---- RECORDED DATA
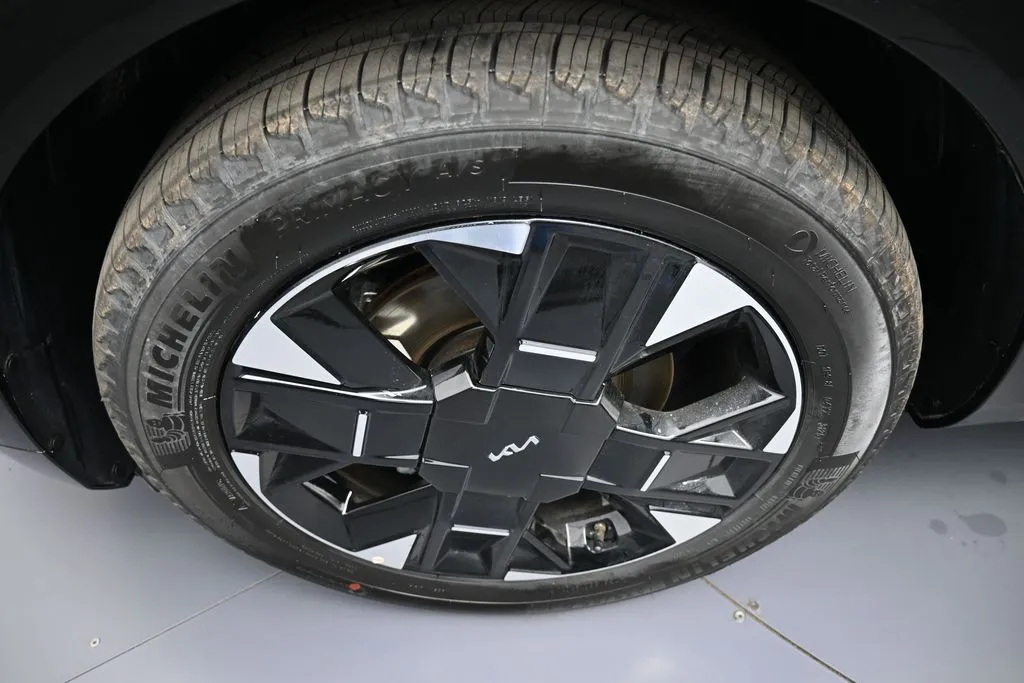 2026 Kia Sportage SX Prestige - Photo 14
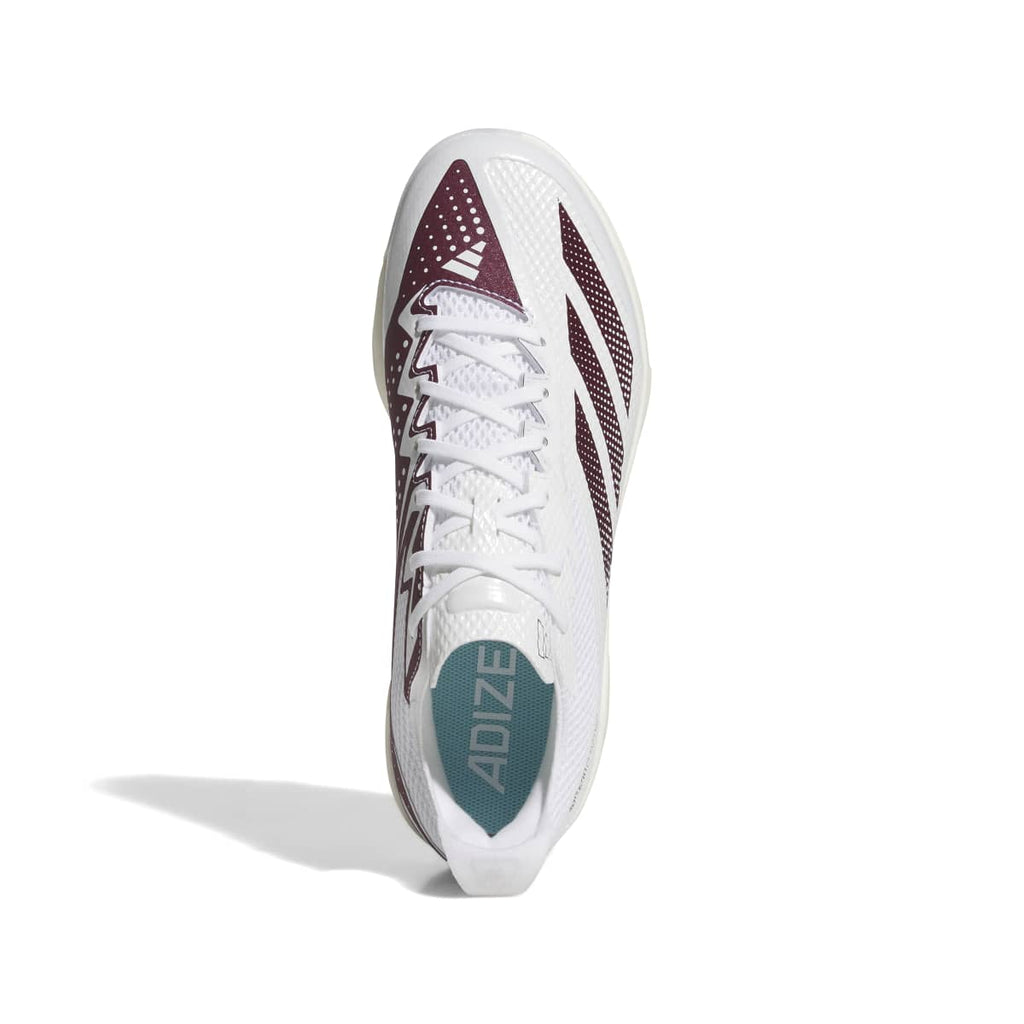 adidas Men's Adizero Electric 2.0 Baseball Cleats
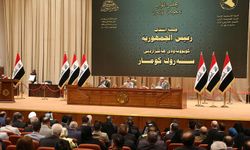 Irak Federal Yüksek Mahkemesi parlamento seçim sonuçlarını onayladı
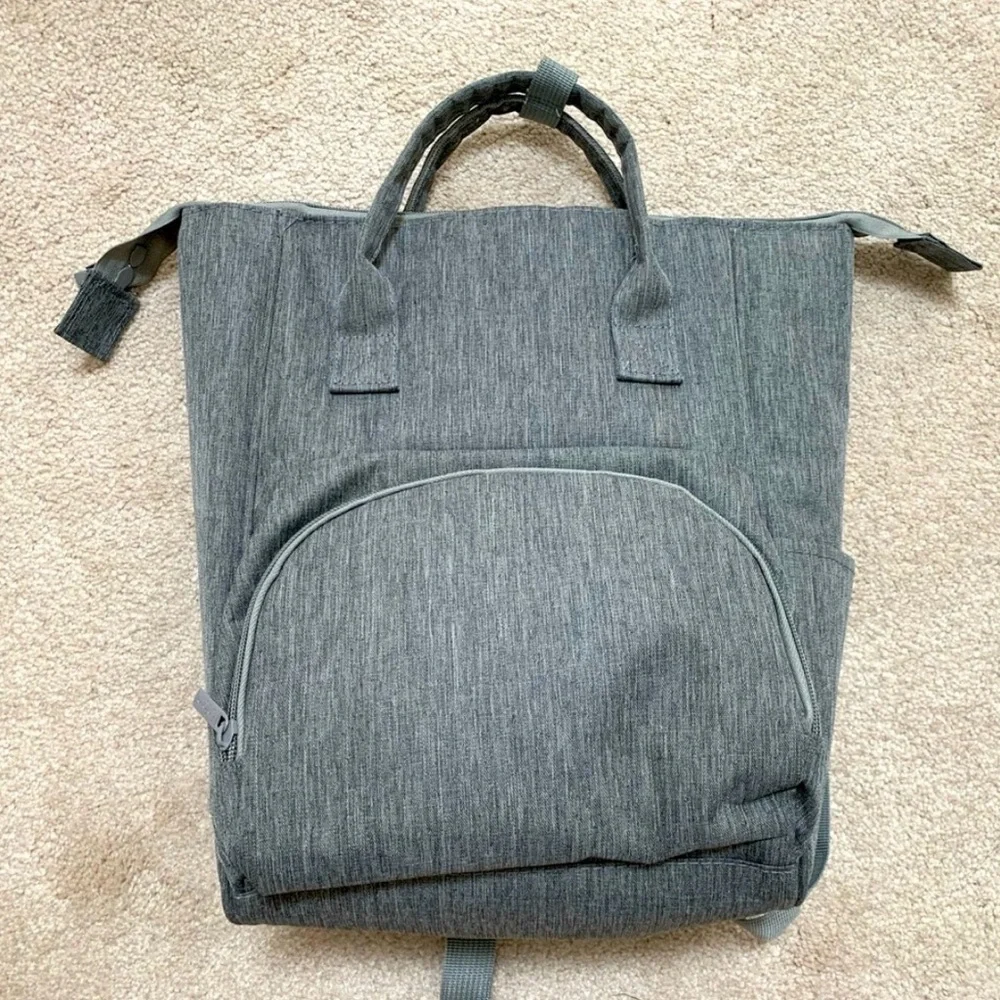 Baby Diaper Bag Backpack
--------
PROBLEM DESCRIPTION:
Find the line containing "adidas Men's Adizero" and copy it and each line after it through the end of the material, exactly, with no pictures.

TASK ANSWER:
 adidas Men's Adizero Electric 2.0 Baseball Cleats
 Irak Federal Yüksek Mahkemesi parlamento seçim sonuçlarını onayladı
 Baby Diaper Bag Backpack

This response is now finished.